Rationale and Objectives
This study aimed to determine whether mammographic features assessed by radiologists and using computer algorithms are prognostic of occult invasive disease for patients showing ductal carcinoma in situ (DCIS) only in core biopsy.
Materials and Methods
In this retrospective study, we analyzed data from 99 subjects with DCIS (74 pure DCIS; 25 DCIS with occult invasion). We developed a computer-vision algorithm capable of extracting 113 features from magnification views in mammograms and combining these features to predict whether a DCIS case will be upstaged to invasive cancer at the time of definitive surgery.

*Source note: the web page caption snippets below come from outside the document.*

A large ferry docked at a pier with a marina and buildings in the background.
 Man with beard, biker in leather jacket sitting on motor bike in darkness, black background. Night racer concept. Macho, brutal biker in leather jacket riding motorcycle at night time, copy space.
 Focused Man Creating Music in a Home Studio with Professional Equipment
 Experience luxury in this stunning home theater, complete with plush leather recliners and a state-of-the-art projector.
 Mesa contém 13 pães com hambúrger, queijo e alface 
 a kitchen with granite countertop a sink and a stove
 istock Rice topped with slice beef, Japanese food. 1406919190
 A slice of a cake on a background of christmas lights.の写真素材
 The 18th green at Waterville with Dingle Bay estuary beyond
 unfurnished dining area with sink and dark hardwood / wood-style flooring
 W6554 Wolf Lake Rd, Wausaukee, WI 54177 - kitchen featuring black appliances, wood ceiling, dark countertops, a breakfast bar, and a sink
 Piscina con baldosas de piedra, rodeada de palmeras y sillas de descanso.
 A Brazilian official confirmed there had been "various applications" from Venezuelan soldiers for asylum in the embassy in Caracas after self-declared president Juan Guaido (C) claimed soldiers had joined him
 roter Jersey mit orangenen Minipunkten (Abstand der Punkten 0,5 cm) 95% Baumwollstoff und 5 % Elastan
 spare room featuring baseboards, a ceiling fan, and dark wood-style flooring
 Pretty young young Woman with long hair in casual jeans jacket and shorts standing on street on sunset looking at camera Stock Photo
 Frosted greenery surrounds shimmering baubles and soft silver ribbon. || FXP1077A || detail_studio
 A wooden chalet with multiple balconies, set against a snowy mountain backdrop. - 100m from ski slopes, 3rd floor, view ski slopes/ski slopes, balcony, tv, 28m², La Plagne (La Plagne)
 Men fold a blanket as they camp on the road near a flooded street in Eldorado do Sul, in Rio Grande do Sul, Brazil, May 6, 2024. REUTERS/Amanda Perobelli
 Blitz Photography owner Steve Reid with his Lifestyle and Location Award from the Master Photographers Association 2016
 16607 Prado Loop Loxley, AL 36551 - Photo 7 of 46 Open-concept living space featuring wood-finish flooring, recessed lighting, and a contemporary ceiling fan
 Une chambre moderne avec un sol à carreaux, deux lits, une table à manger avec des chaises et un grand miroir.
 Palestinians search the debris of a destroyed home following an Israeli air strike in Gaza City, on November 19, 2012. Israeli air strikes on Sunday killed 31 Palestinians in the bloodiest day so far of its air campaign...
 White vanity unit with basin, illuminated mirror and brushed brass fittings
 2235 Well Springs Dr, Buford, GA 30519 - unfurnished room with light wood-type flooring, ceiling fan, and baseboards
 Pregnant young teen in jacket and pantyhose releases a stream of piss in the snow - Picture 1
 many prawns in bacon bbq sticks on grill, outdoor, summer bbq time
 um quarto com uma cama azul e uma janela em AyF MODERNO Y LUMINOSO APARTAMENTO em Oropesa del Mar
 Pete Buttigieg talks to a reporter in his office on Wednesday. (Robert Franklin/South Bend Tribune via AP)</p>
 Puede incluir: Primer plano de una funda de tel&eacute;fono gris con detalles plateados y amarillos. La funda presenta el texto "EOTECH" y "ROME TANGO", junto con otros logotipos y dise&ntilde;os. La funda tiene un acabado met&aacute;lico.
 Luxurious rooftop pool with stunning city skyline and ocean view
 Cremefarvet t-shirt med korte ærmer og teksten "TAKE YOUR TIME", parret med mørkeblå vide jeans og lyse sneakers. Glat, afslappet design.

In comparison, we also built predictive models based on physician-interpreted features, which included histologic features extracted from biopsy reports and Breast Imaging Reporting and Data Systems (BI-RADS) related mammographic features assessed by two radiologists. The generalization performance was assessed using leave one out cross validation with the receiver operating characteristic (ROC) curve analysis.
Results
Using the computer-extracted mammographic features, the multivariate classifier was able to distinguish DCIS with occult invasion from pure DCIS, with an area under the curve for ROC (AUC-ROC) equal to 0.70 (95% CI: 0.59–0.81). The physician-interpreted features including histologic features and BI-RADS related mammographic features assessed by two radiologists showed mixed results, and only one radiologist’s subjective assessment was predictive, with AUC-ROC equal to 0.68 (95% CI: 0.57–0.81).
Conclusion
Predicting upstaging for DCIS based upon mammograms is challenging, and there exists significant inter-observer variability among radiologists. However, the proposed computer-extracted mammographic features are promising for the prediction of occult invasion in DCIS.